Piketty’s thesis Capital in the twenty-first century is the most-talked of tome on inequality since a similarly-named book by that German guy in the 1800s. It was hailed by The Economist as “bigger than Marx” and dismissed by the Wall Street Journal as “medieval”.
Since publishing the unexpected Amazon bestseller in March, the French economist has been feted by such influential bodies as the US Economic Policy Institute and the White House Council of Economic Advisors, as well as being reviewed in top newspapers.
The Piketty Phenomenon: New Zealand perspectives brings the debate to New Zealand, with independent assessments of Piketty’s findings. Contributors include economists Geoff Bertram, Donal Curtin, Prue Hyman and Brian Easton, journalists Bernard Hickey and Max Rashbrooke, and Cornell University PhD student Hautahi Kingi.

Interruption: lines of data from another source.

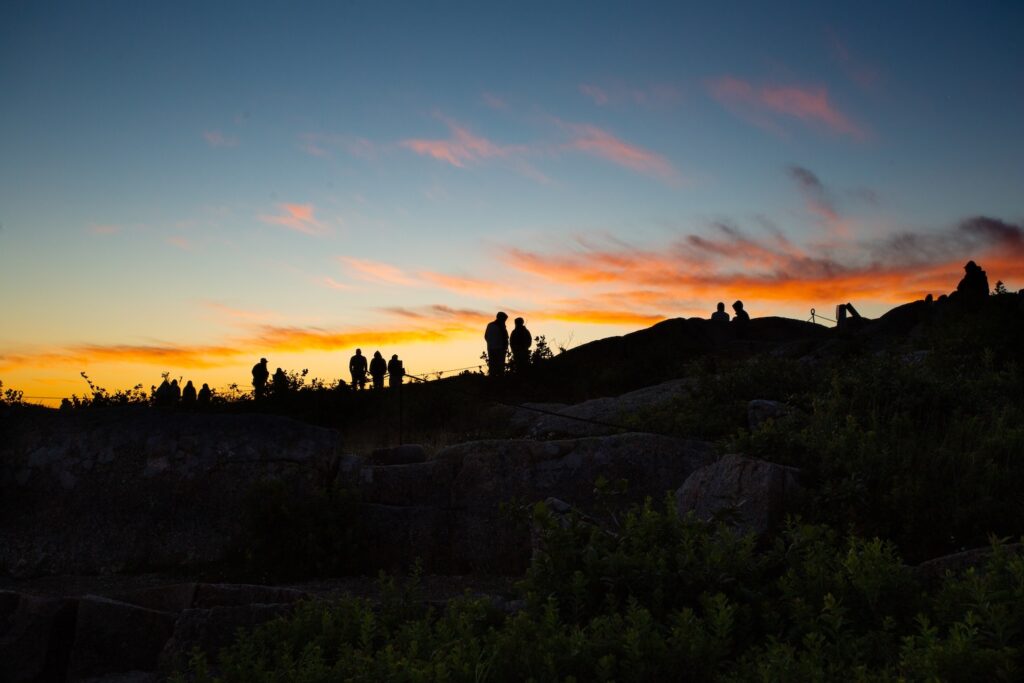 Cadillac Mountain sunrise silhouettes on the mountain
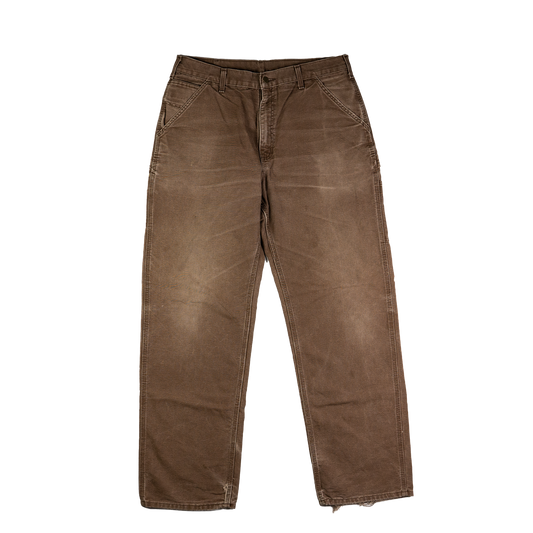 Carhartt Brown Single Knee Work Pants - Front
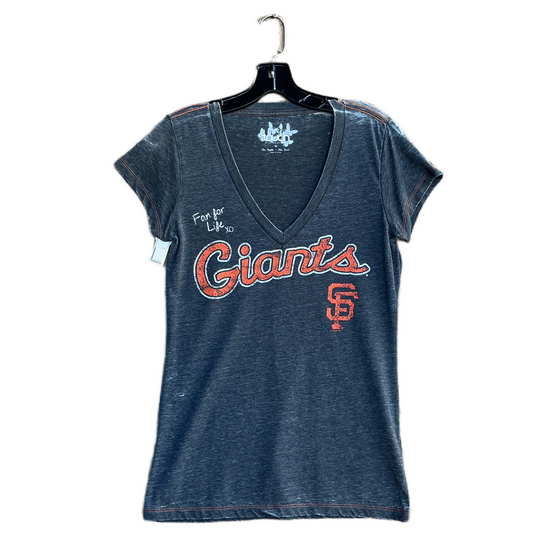 San Francisco Giants Baseball V-Neck Women's Dark Grey Fan For Life T-Shirt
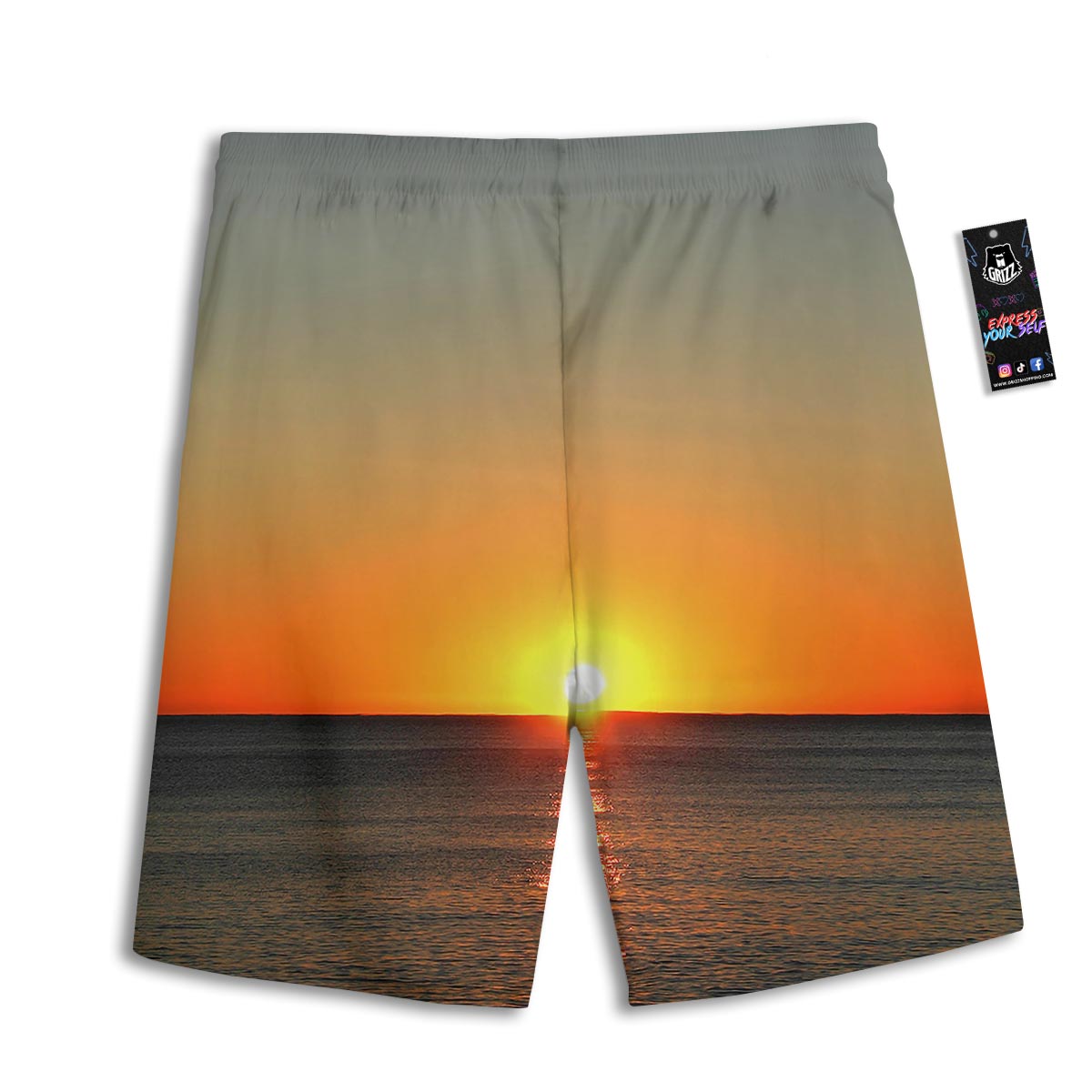 Sunset Over Sea Print Men's Athletic Shorts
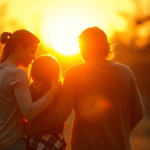 Warm family silhouettes embracing in golden sunset light, peaceful harmony, soft focus, emotional connection, healing atmosphere, no text no words no letters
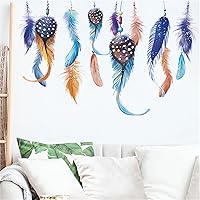 Vista 4 de Calcomanías de pared colgantes de plumas de ensueño, calcomanías de pared extraíbles de vinilo para sala de estar, dormitorio, habitación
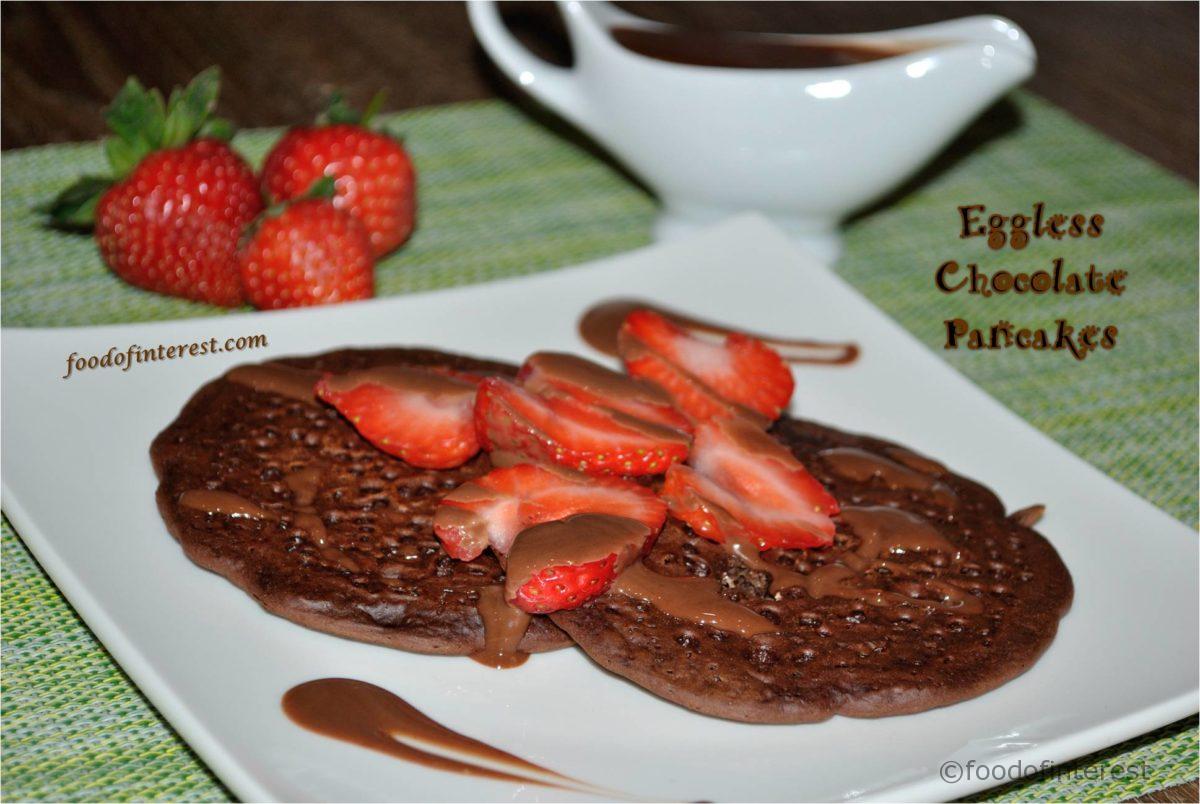 Eggless Chocolate Pancakes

“Piketty’s book is a bombshell, promising a Kuhnian scientific revolution:” Geoff Bertram
“Thomas Piketty forces us to view the economy in a different way. At the same time, he offers New Zealand a new opportunity to
lead the world in our response:” Hautahi Kingi
“Piketty’s achievement has been to put wealth front and centre, in the spotlight. It is not now likely to vanish back into the shadows:” Max Rashbrooke
The Piketty Phenomenon: New Zealand perspectives is being launched on Thursday (October 23) with a panel discussion at the Royal Society in Wellington.